▶ **TASK PROMPT**
The copy must match the data below line for line and contain no images.

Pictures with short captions
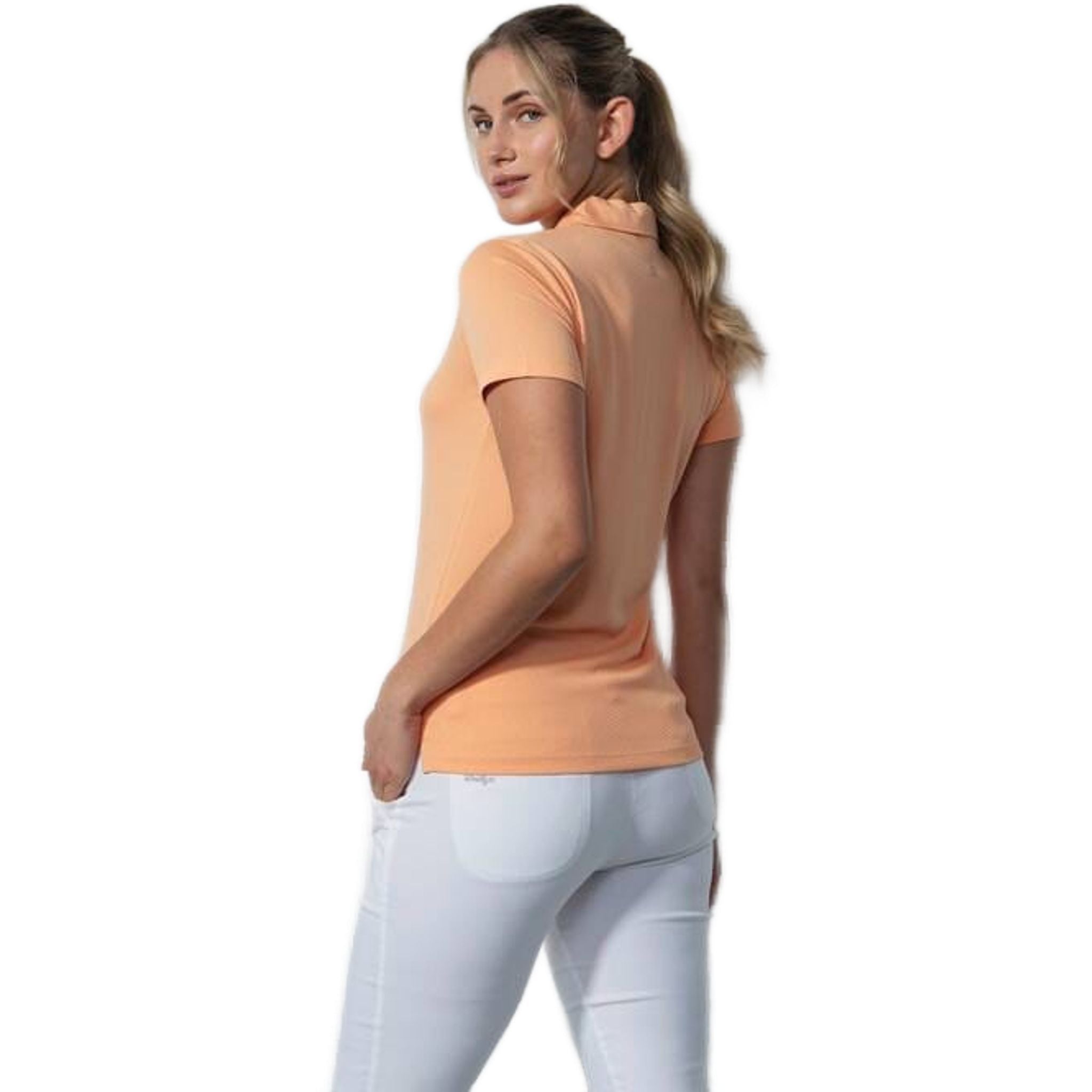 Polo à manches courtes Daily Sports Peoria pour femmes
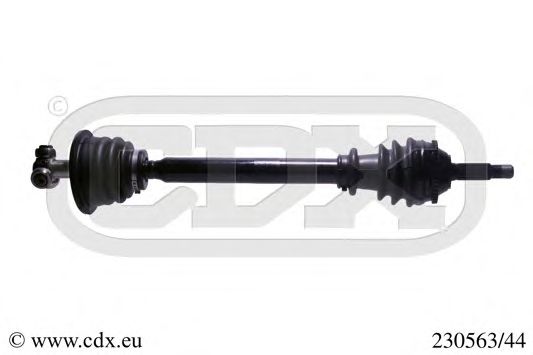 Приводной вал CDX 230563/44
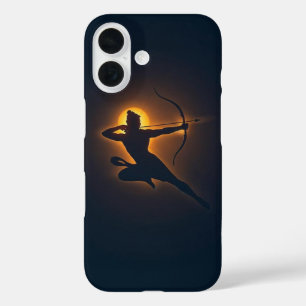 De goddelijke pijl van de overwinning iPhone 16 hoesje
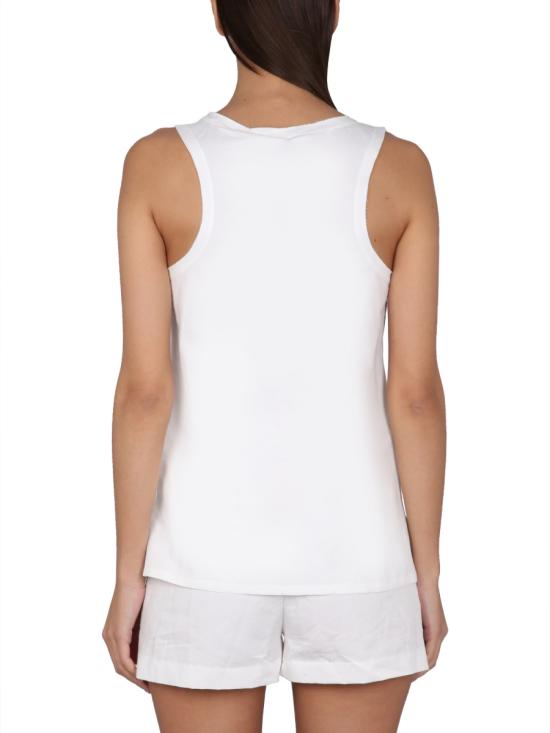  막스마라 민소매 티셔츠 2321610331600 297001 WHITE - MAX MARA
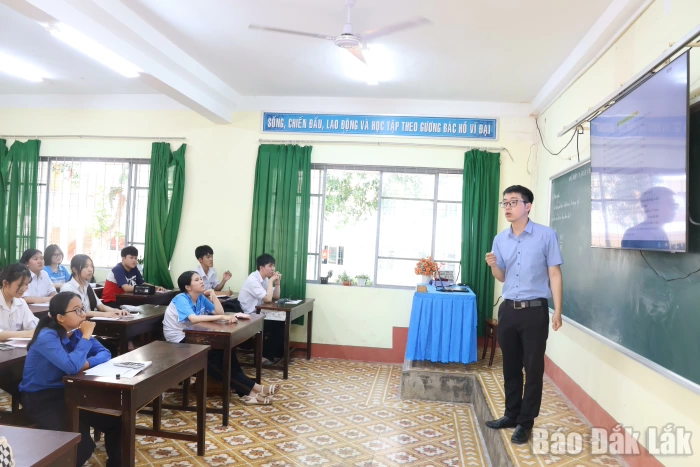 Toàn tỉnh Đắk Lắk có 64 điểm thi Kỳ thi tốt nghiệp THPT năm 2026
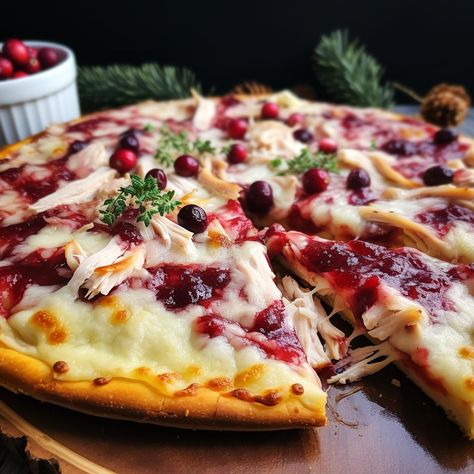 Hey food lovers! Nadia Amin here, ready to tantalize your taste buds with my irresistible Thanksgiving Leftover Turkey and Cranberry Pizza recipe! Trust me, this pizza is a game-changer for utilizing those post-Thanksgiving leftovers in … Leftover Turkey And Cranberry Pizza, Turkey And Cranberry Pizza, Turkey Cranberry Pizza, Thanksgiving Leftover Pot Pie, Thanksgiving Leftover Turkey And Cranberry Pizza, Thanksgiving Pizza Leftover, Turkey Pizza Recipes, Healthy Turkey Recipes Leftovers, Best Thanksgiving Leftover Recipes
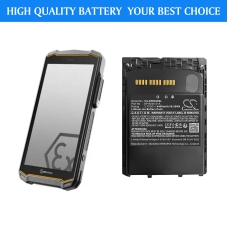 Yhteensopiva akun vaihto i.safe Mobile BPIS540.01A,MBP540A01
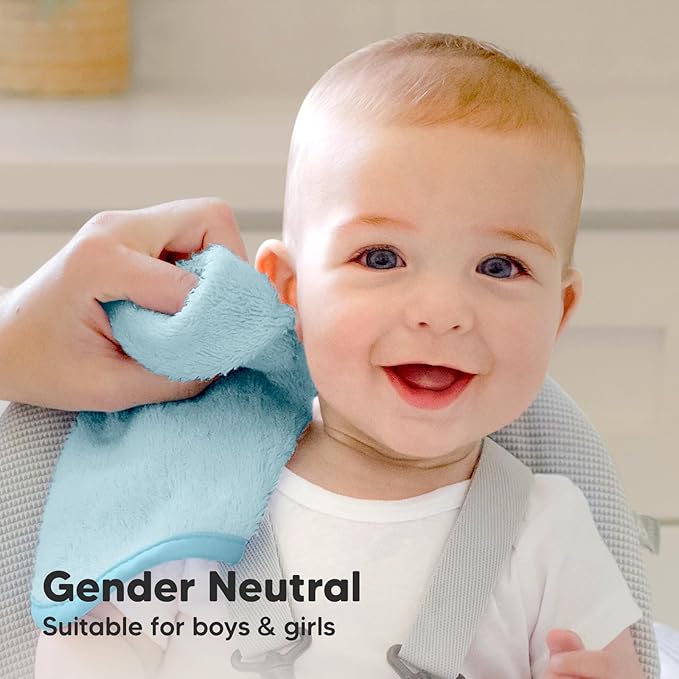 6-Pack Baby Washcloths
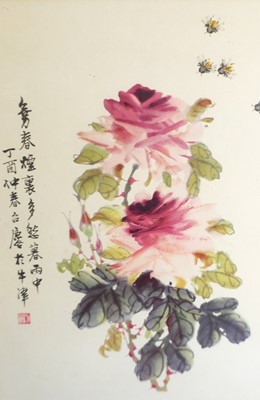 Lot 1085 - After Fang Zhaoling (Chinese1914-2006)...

▶ **RESPONSE**
 Polo à manches courtes Daily Sports Peoria pour femmes
 Приводной вал CDX 230563/44
 De goddelijke pijl van de overwinning iPhone 16 hoesje
  막스마라 민소매 티셔츠 2321610331600 297001 WHITE - MAX MARA
 Toàn tỉnh Đắk Lắk có 64 điểm thi Kỳ thi tốt nghiệp THPT năm 2026
 Hey food lovers! Nadia Amin here, ready to tantalize your taste buds with my irresistible Thanksgiving Leftover Turkey and Cranberry Pizza recipe! Trust me, this pizza is a game-changer for utilizing those post-Thanksgiving leftovers in … Leftover Turkey And Cranberry Pizza, Turkey And Cranberry Pizza, Turkey Cranberry Pizza, Thanksgiving Leftover Pot Pie, Thanksgiving Leftover Turkey And Cranberry Pizza, Thanksgiving Pizza Leftover, Turkey Pizza Recipes, Healthy Turkey Recipes Leftovers, Best Thanksgiving Leftover Recipes
 Yhteensopiva akun vaihto i.safe Mobile BPIS540.01A,MBP540A01
 6-Pack Baby Washcloths
 Lot 1085 - After Fang Zhaoling (Chinese1914-2006)...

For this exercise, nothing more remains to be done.